BELIEF and confidence. Those are the two things that Mike Ellis has been trying to instil in the Warwick Senators for four years and he now feels like the message is coming through with the confidence they are playing with stemming from believing in their abilities.
What Ellis saw when he returned to the Senators in 2016 to take over as head coach was a group full of talent and potential, but one that perhaps lacked the belief that they could do something special and that lacked that drive to go to the next level and push that little harder for the ultimate success.
But it’s been a gradual build over the tenure as coach with the legend of basketball in Western Australia determined to have his playing group truly believe they can raise the first ever SBL banner to the roof at Warwick Stadium.
In Ellis’ first year in charge, the Senators reached the playoffs but were bundled out in the first round by the Willetton Tigers.
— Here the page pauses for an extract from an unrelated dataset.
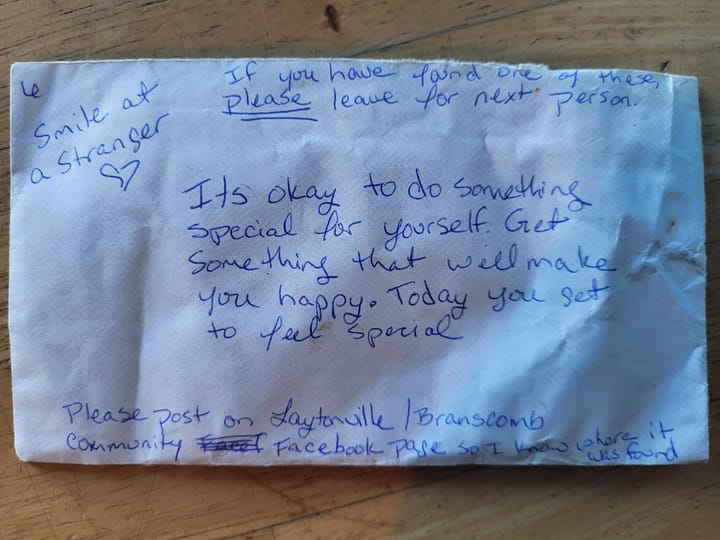 An Envelope Left Behind and a Small Town Moment of Grace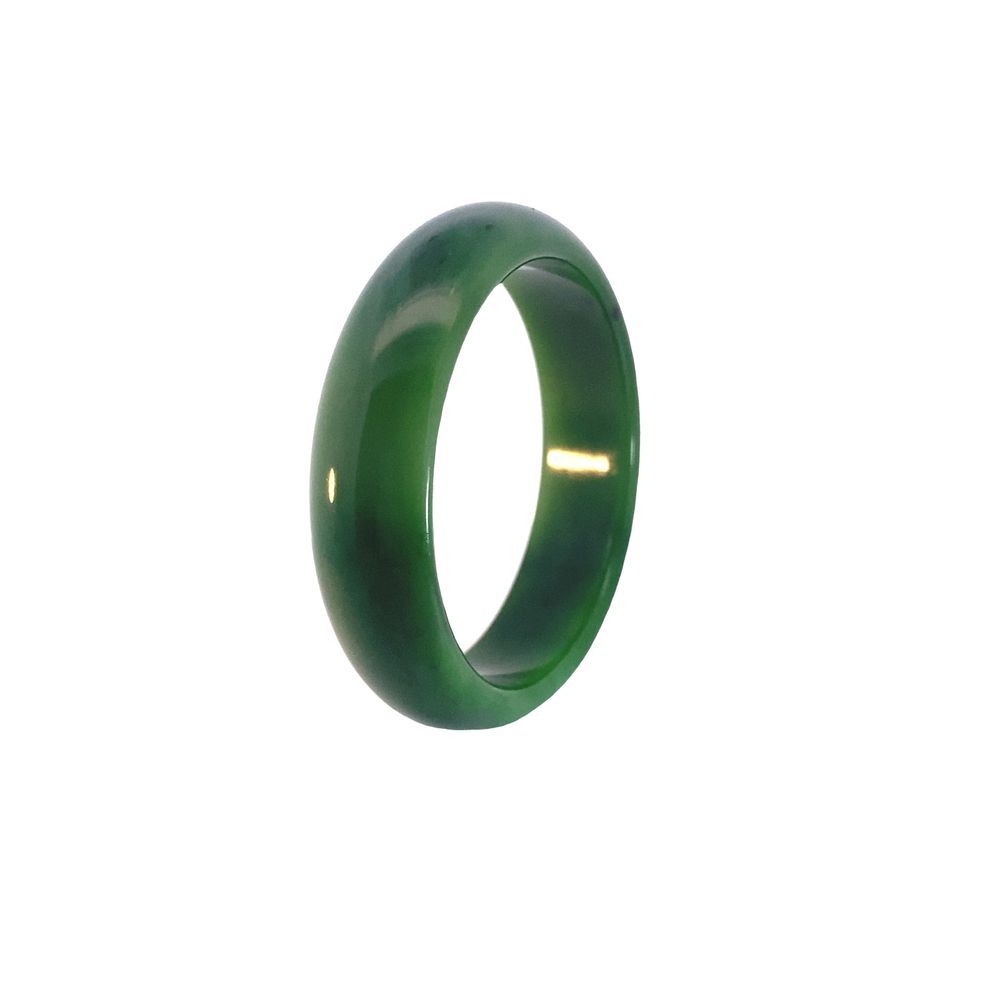 Moko Pounamu Solid Bangle NZ Genuine Kawakawa Greenstone  - Waiparu 62mm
They again lost in the first round in 2017 but not without pushing the Geraldton Buccaneers to three games.
They then broke through in 2018 eliminating the defending champion Perth Redbacks in the quarter finals before losing to the Joondalup Wolves in a sweep in the semi finals.
But just winning that series over the Redbacks rose the belief in the Senators especially when Cody Ellis, Robert Anshila, Justin King, Caleb Davis, Ash Litterick, Ngor Manyang, Tom Witts, Jay Thwaites and Oliver Cross were all back again.
Then with the potential emergence of Perth Wildcats championship-winning development player Wani Swaka Lo Buluk and there were reasons for optimism from the Senators coming into 2019, and so far they have likely surpassed how good even Ellis thought they might have gone.
Not having a genuine point guard with the departure of Corban Wroe has turned into a great positive with the Senators now more versatile and harder to match up on given their size and length, depth and experience.
They had won nine straight matches after beating the Lakeside Lightning on Friday night and while their winning run ended at Willetton against the Tigers on Saturday, they sit pretty currently in second position at 10-3.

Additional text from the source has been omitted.